Extract the line that contains "Adelboden, Schulhaus mit Bonderspitze un" and every line after it through the end of the records below, exactly as written, leaving out any pictures.

○ ○ ○ ○ ○ ○ ○

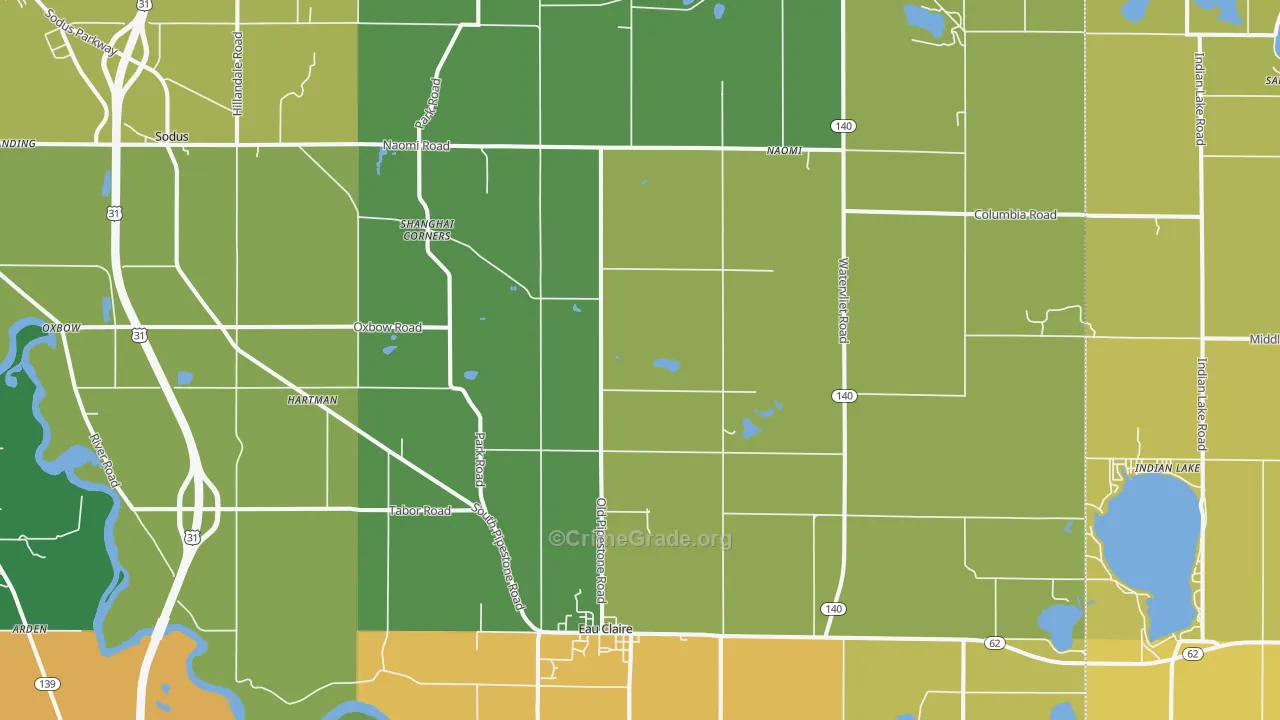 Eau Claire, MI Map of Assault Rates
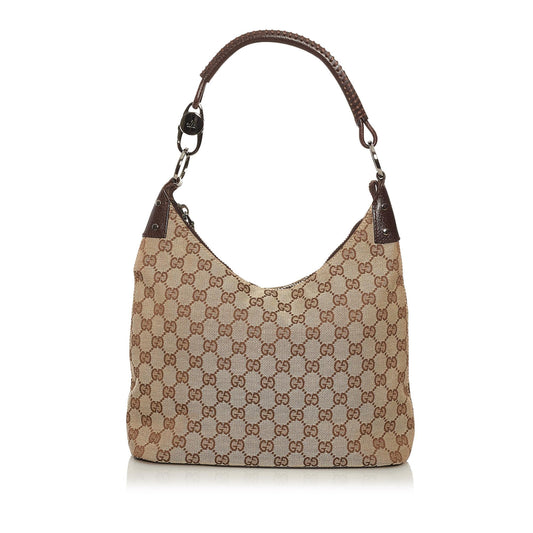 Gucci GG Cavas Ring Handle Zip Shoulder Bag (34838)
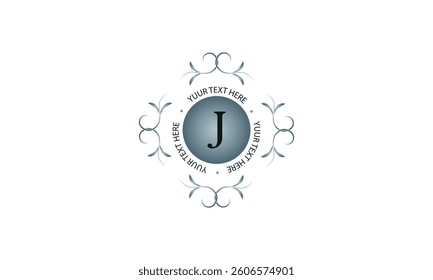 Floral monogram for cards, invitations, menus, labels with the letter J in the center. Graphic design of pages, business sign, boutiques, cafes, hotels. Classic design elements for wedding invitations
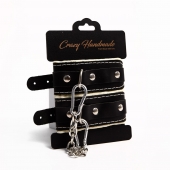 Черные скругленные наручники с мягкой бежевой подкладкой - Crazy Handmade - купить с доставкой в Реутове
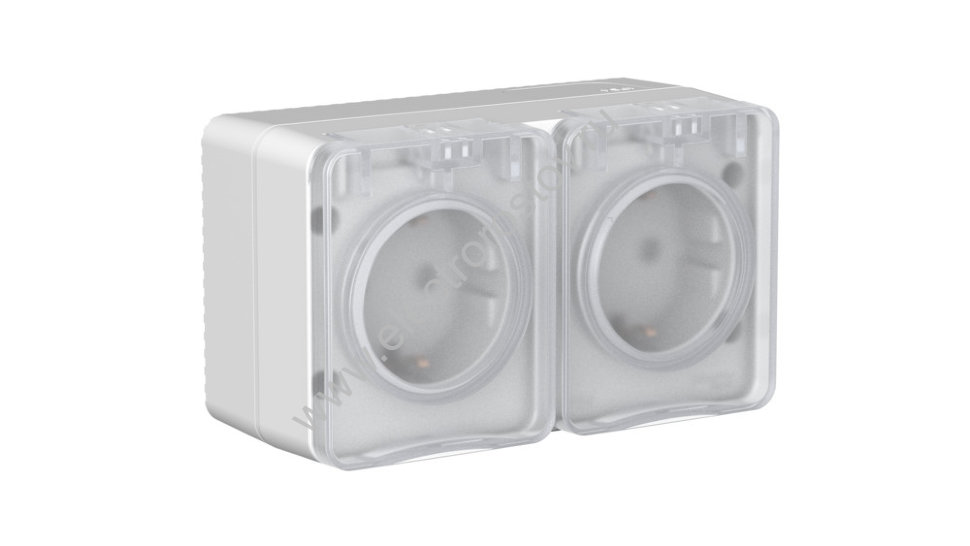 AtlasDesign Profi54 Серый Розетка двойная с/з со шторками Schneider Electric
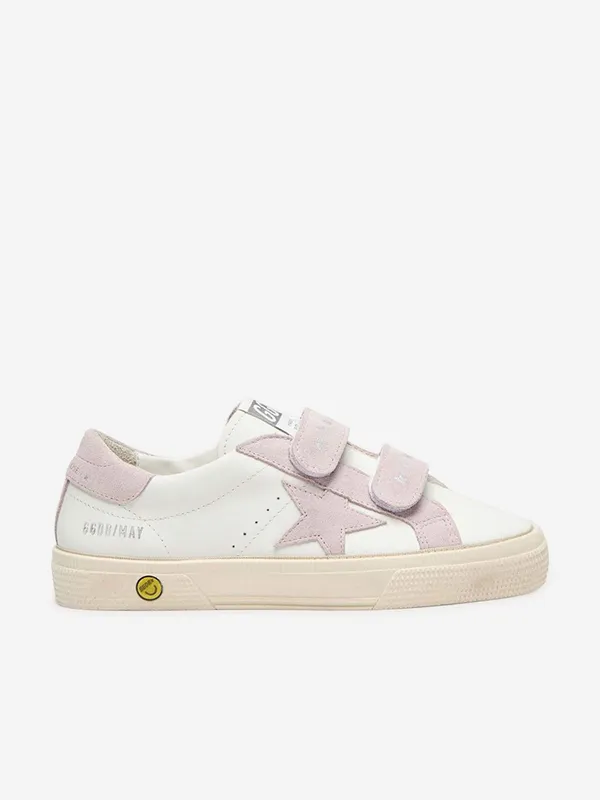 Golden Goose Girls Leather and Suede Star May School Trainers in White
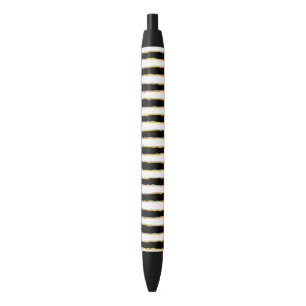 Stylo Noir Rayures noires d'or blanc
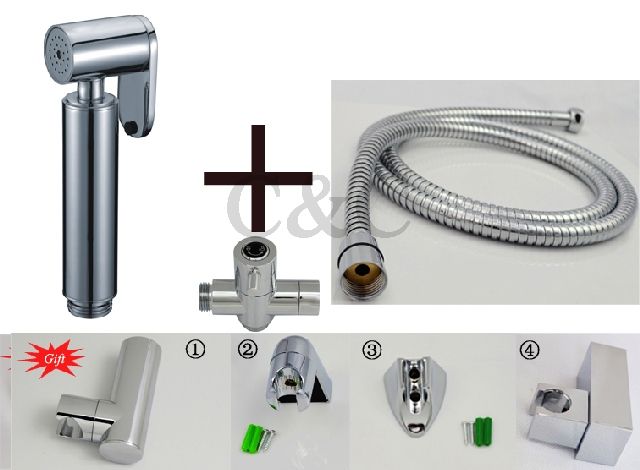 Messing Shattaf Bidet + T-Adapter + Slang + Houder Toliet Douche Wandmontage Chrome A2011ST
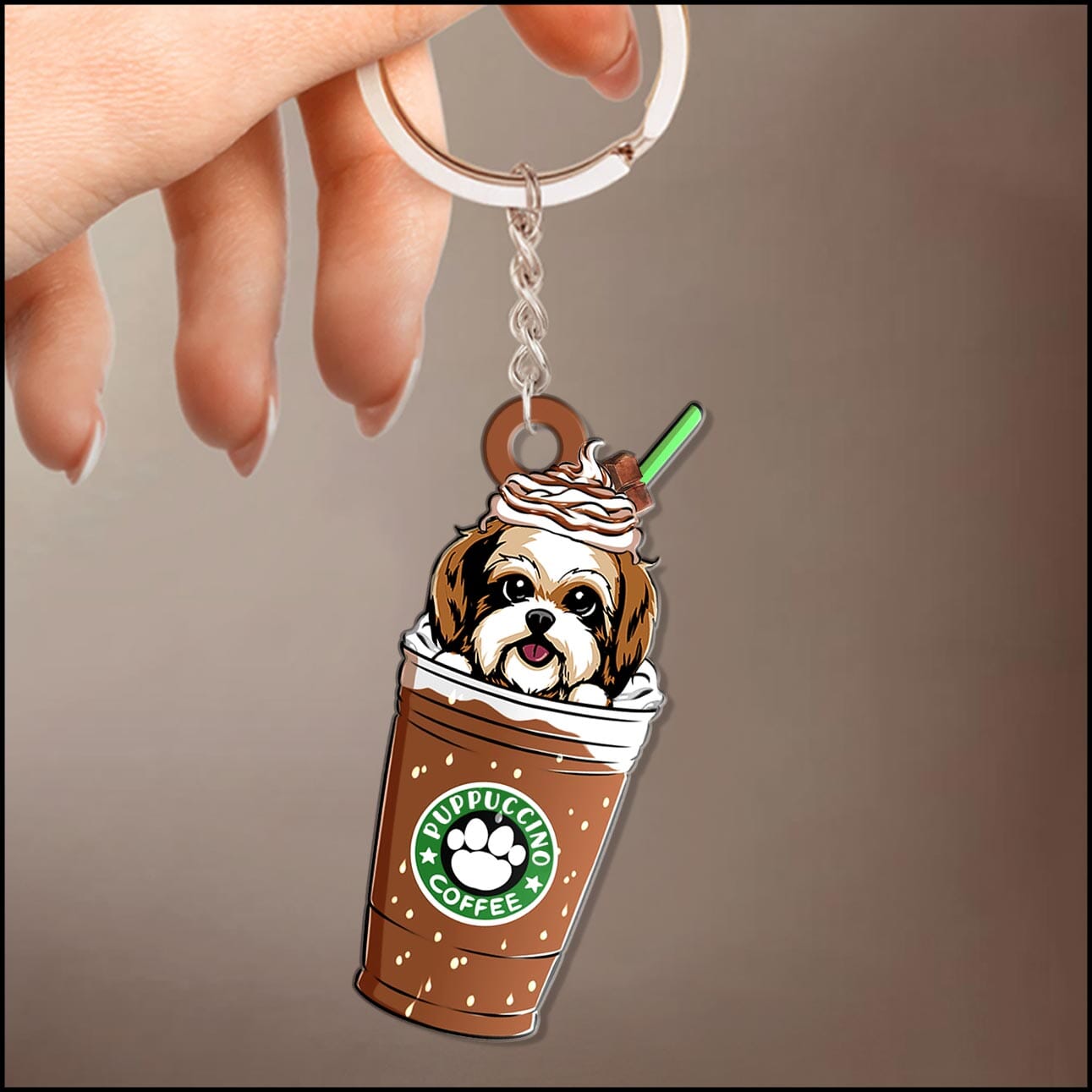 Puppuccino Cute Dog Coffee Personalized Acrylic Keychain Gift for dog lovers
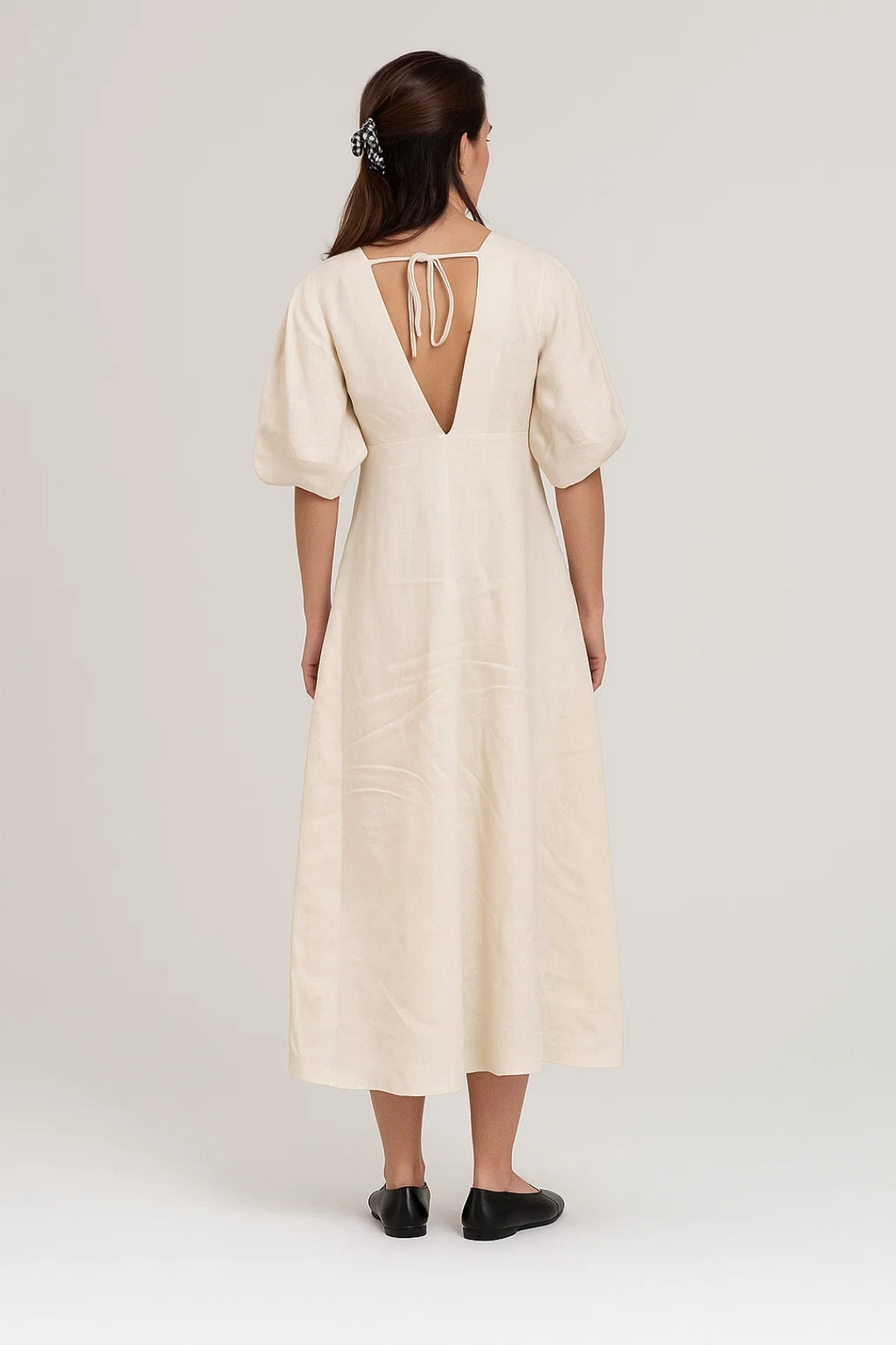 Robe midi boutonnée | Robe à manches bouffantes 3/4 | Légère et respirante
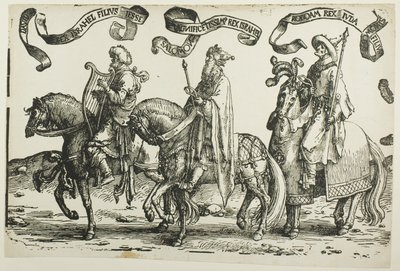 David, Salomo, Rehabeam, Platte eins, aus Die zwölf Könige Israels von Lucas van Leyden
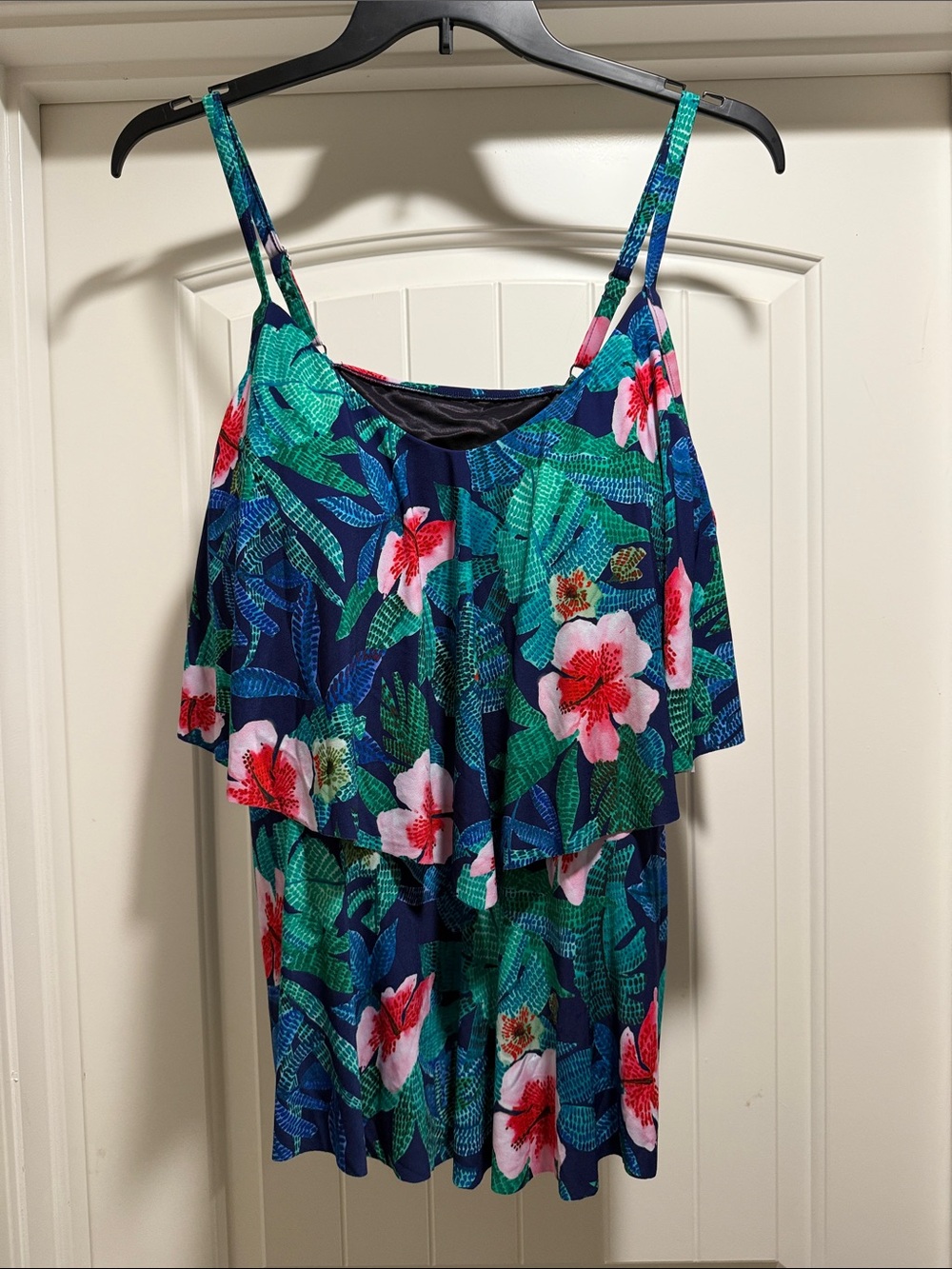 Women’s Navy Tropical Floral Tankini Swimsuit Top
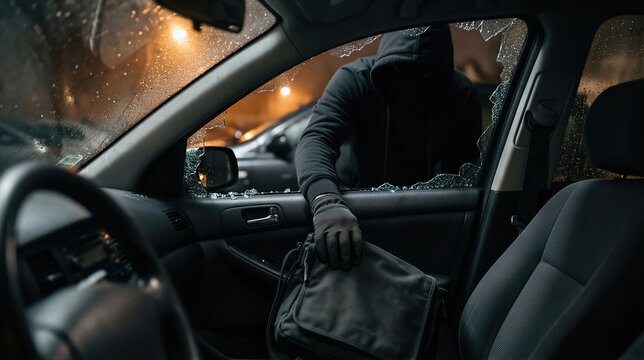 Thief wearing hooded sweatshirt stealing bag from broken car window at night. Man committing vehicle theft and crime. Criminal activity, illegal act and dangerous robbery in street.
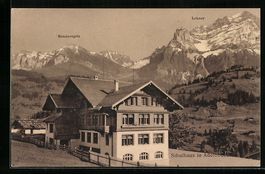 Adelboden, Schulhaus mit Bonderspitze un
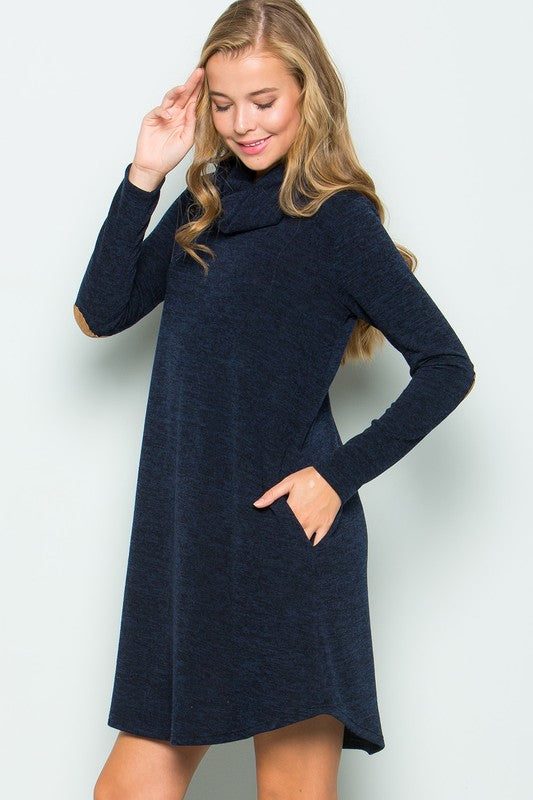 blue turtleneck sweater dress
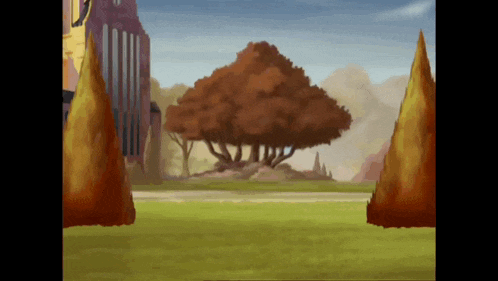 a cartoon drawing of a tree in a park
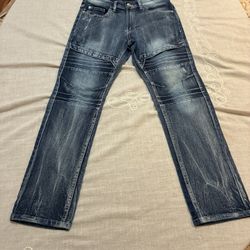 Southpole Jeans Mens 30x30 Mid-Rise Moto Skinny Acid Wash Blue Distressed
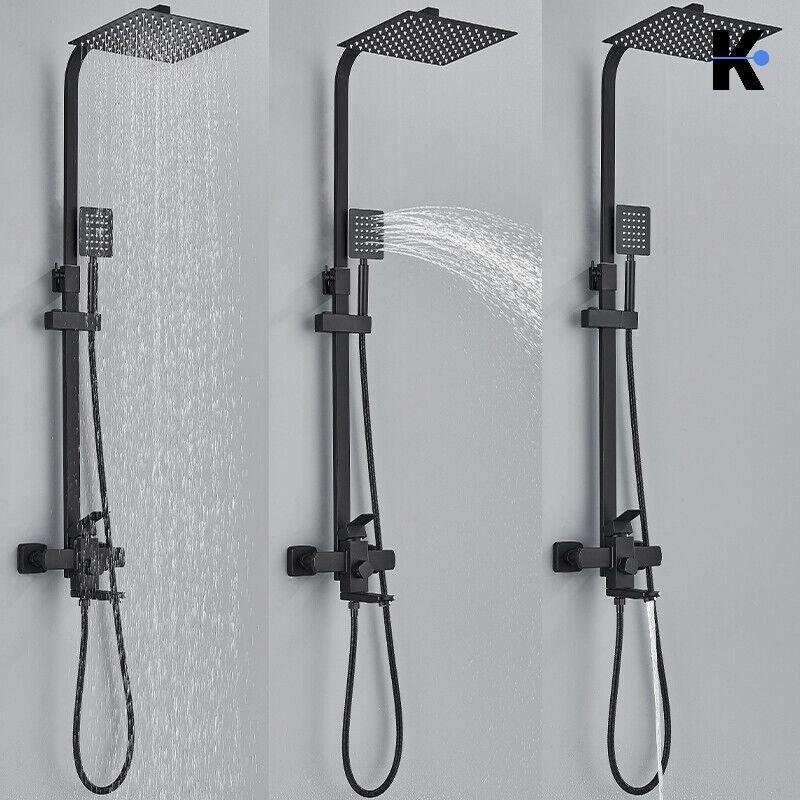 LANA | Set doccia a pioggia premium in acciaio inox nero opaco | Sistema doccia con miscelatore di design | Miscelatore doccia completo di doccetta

○ ○ ○ ○ ○ ○ ○

→ **TASK SOLUTION**
 Adelboden, Schulhaus mit Bonderspitze un
 blue turtleneck sweater dress
 a cartoon drawing of a tree in a park
 Southpole Jeans Mens 30x30 Mid-Rise Moto Skinny Acid Wash Blue Distressed
 LANA | Set doccia a pioggia premium in acciaio inox nero opaco | Sistema doccia con miscelatore di design | Miscelatore doccia completo di doccetta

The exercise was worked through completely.